#### [Given records]
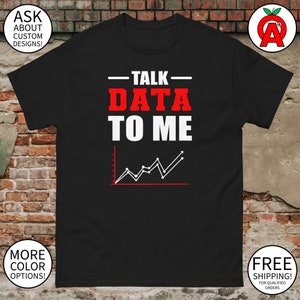 Puede incluir: Camiseta negra con el texto "TALK DATA TO ME" en blanco y rojo, junto con un gráfico de líneas. La camiseta también tiene texto y logotipos adicionales en las esquinas.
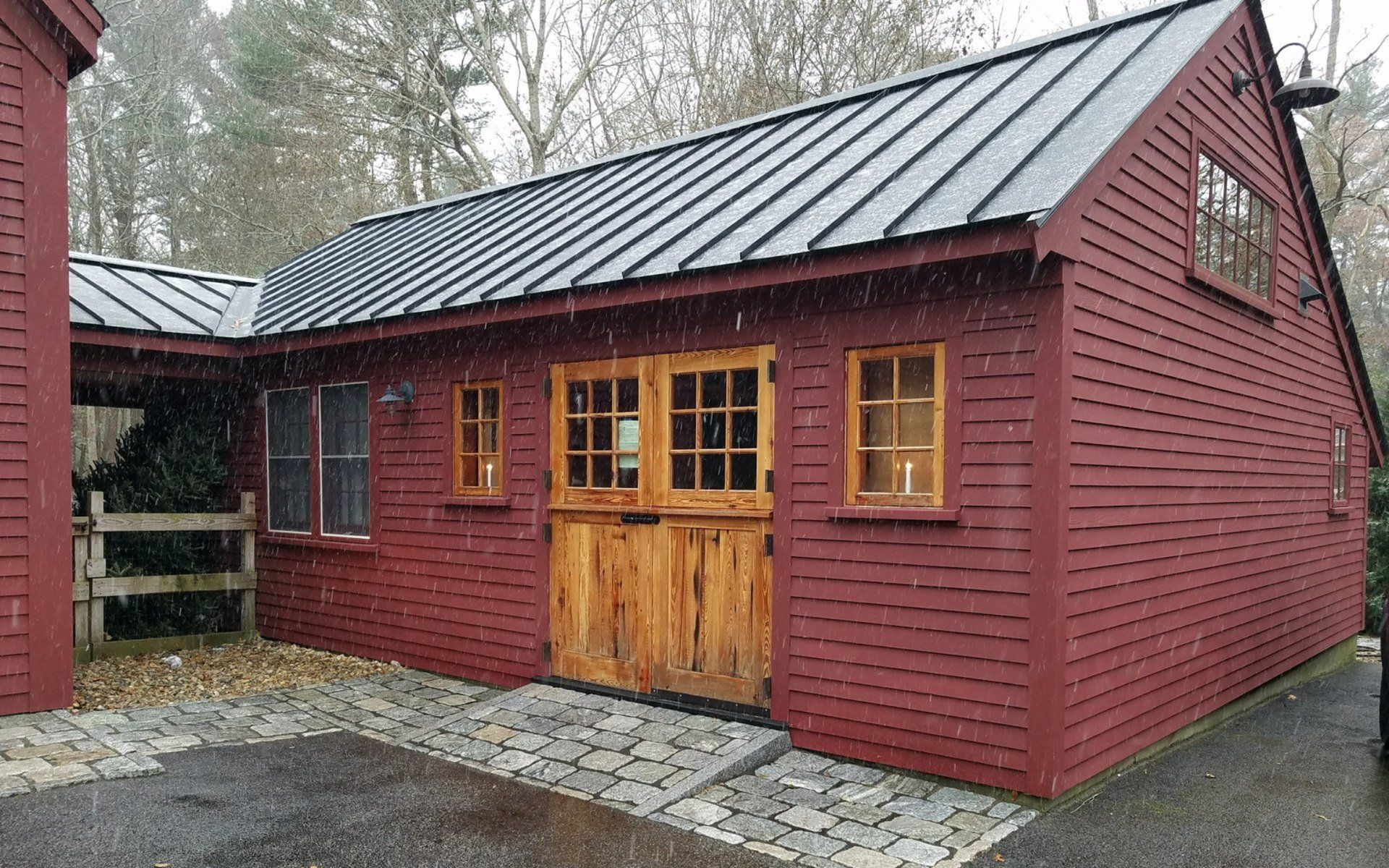 Red wooden cabin with double doors and a black metal roof, set beside a gravel driveway and trees.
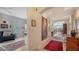 Spacious hallway with hardwood floors, artwork, and access to multiple rooms at 888 S Orange Ave # 3D, Sarasota, FL 34236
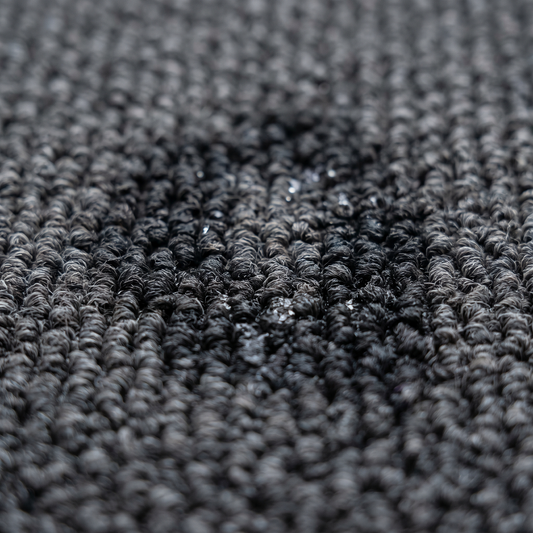 Gros plan de gouttes absorbées par un tapis d'entrée
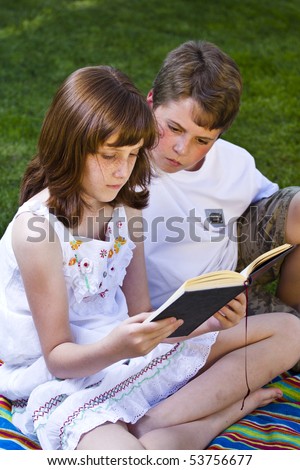 Portrait of cute kids reading books  in natural environment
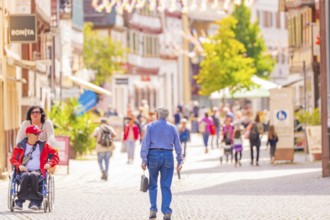 People stroll through a lively, sunny pedestrian zone with historic buildings, small town pearl
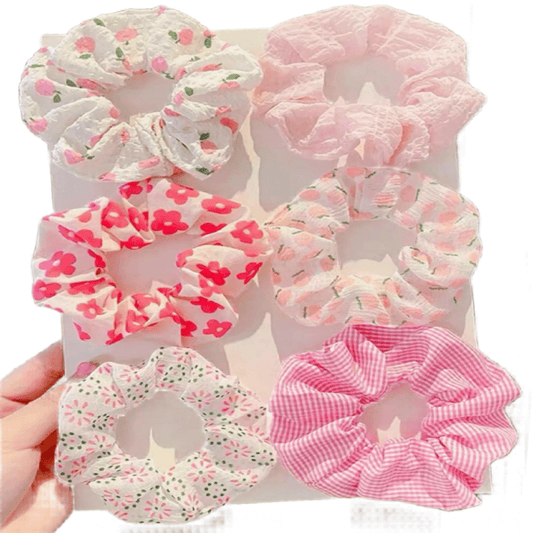 Set of pink and white scrunchies with floral patterns held by a hand.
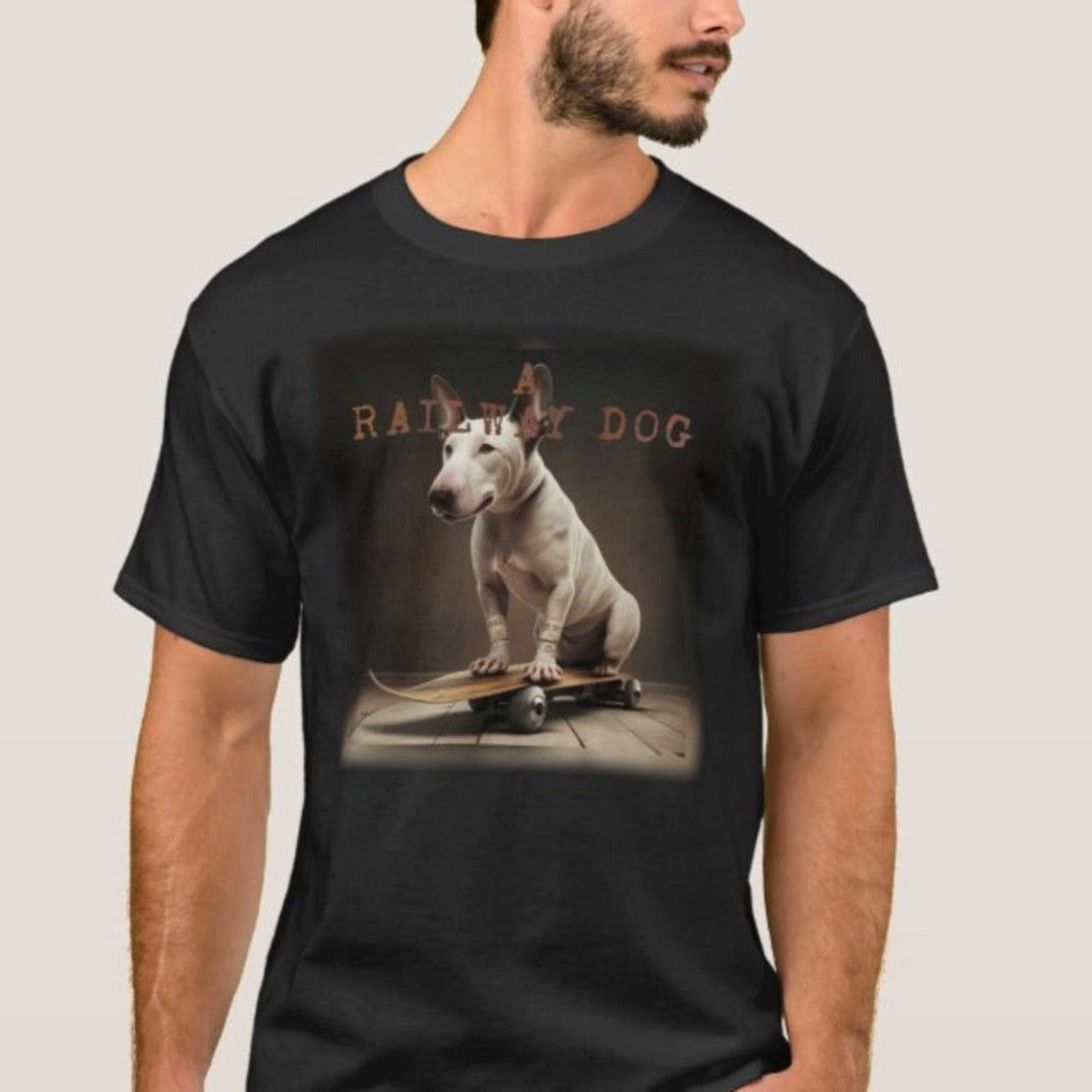 Man with a beard wearing a black graphic t-shirt featuring a white English Bull Terrier sitting on a vintage wooden skateboard with "A Railway Dog" stencil text above.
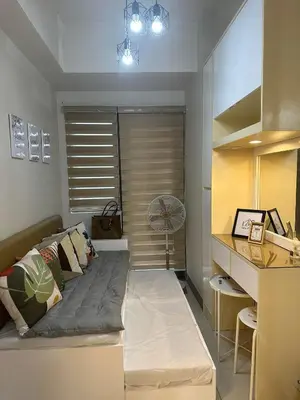 a room with a bed with a fan and a desk at Mel and Rose Place in S Residences Tower 1 MOA in Manila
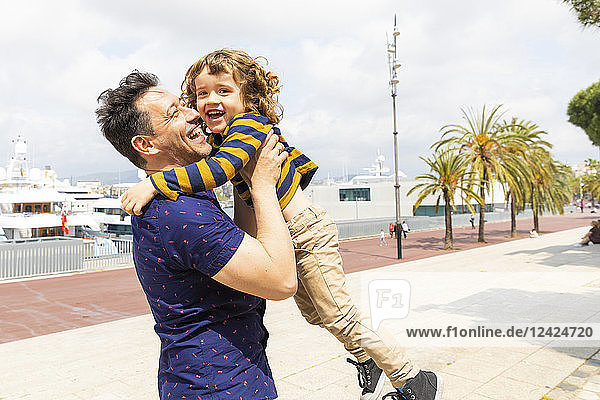 Spain  Barcelona  father and son playing together and having fun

#### [Requirement]
Begin at the first line of the material and copy each line exactly through the one containing "Man with a beard". Omit pictures.

#### [Exercise answer]
 Puede incluir: Camiseta negra con el texto "TALK DATA TO ME" en blanco y rojo, junto con un gráfico de líneas. La camiseta también tiene texto y logotipos adicionales en las esquinas.
 Red wooden cabin with double doors and a black metal roof, set beside a gravel driveway and trees.
 Spacious hallway with hardwood floors, artwork, and access to multiple rooms at 888 S Orange Ave # 3D, Sarasota, FL 34236
 Gros plan de gouttes absorbées par un tapis d'entrée
 Portrait of cute kids reading books  in natural environment
 People stroll through a lively, sunny pedestrian zone with historic buildings, small town pearl
 Set of pink and white scrunchies with floral patterns held by a hand.
 Man with a beard wearing a black graphic t-shirt featuring a white English Bull Terrier sitting on a vintage wooden skateboard with "A Railway Dog" stencil text above.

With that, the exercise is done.